Canadian composer and music educator

Alain Gagnon (22 May 1938 − 26 March 2017) was a Canadian composer and music educator based in Laval, Quebec. His compositions have been performed by ensembles throughout Canada.

==Early life and education==
Gagnon was born in Trois-Pistoles, Quebec. He began teaching himself the piano as a young child; in 1951, at the age of 13, he began taking music lessons at the Rimouski Seminary with Father Philippe-Antoine Lavoie with whom he studied until 1958. In 1960 he entered the Conservatoire de musique du Québec à Québec where he was an organ student with Henri Gagnon.

After Gagnon died in 1961, Alain transferred to the Université Laval where he studied composition with Roger Matton.

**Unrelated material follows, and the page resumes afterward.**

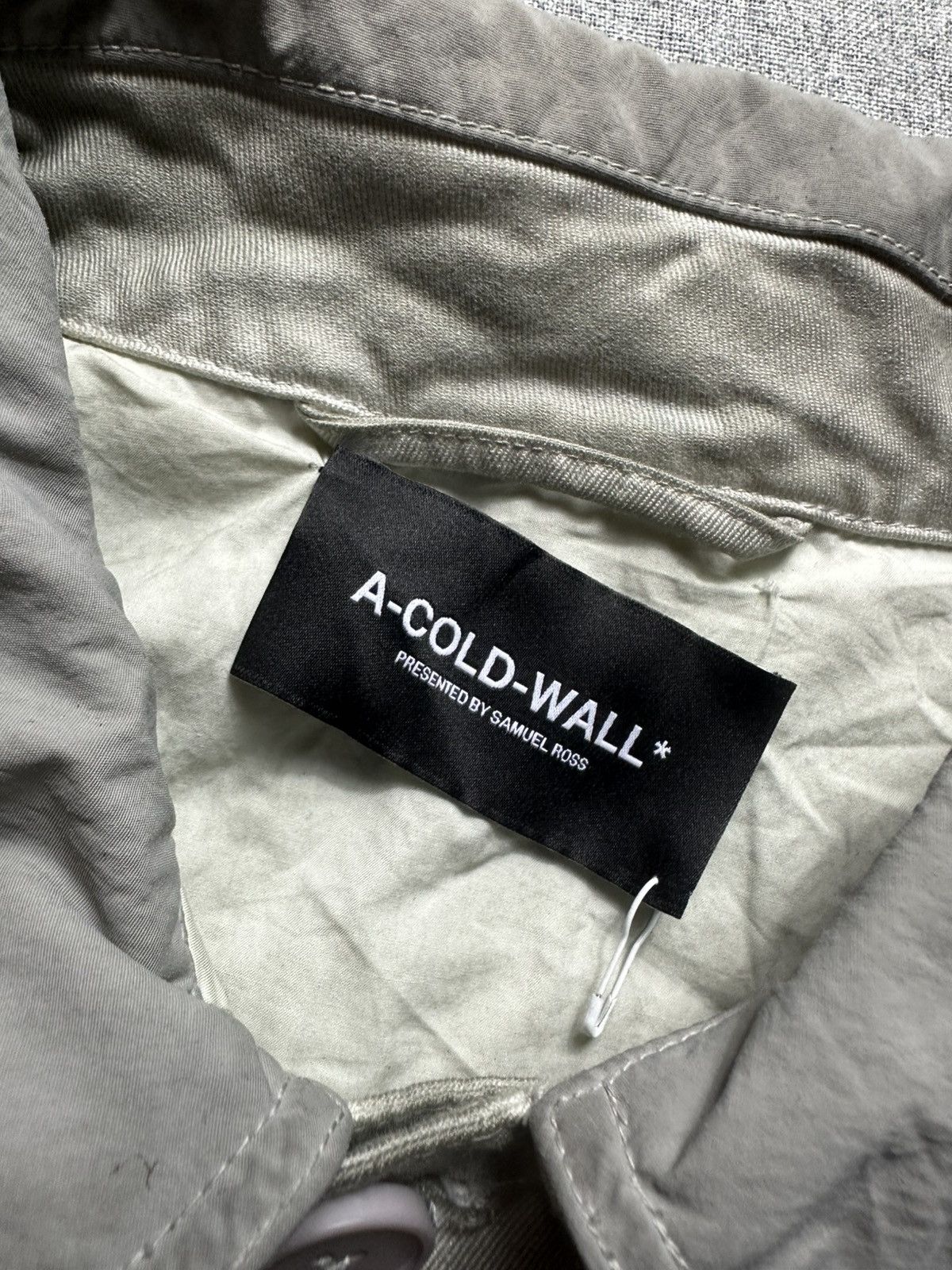 A-COLD-WALL* A Cold Wall ACW - Contrast Workwear Worn Look Jacket Size US M / EU 48-50 / 2 - 5 Thumbnail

He graduated from Laval with Bachelor of Music in 1963 and a Master of Music in composition in 1964. He continued with further studies privately under Jocelyne Binet in 1964–1965. He was awarded the Governor-General's Medal in 1963 and was honoured with a medal for the Government of France in 1964.

In 1965 Gagnon won the Prix d'Europe and was awarded additional scholarships from the Canada Council and the Quebec Ministry of Education. Those honours enabled him to pursue graduate studies in France at the École Normale de Musique de Paris with Henri Dutilleux and at the École César Franck with Olivier Alain in 1965–1966. He studied for a short period of time at the Institut de Sonologie of Utrecht in 1966 and in 1967 at the Geneva Conservatory with André-François Marescotti.

==Career==
Gagnon joined the music faculty of the Université Laval in 1967 where he taught music theory, music analysis, and music composition for more than 40 years. He joined the Canadian League of Composers and was an associate of the Canadian Music Centre. The Quebec Symphony Orchestra commissioned his Prélude and performed the works premiere in 1969 under conductor Pierre Dervaux.

In 1980 he composed "Pastourelle", his first composition for organ. A piano composition, "Jeux dans l'espace : poème, opus 27" was published a year later.

In 1998 Gagnon's work Chansons d'Orient was premiered by the Cantori New York chamber choir.

Gagnon died 26 March 2017, in Quebec City.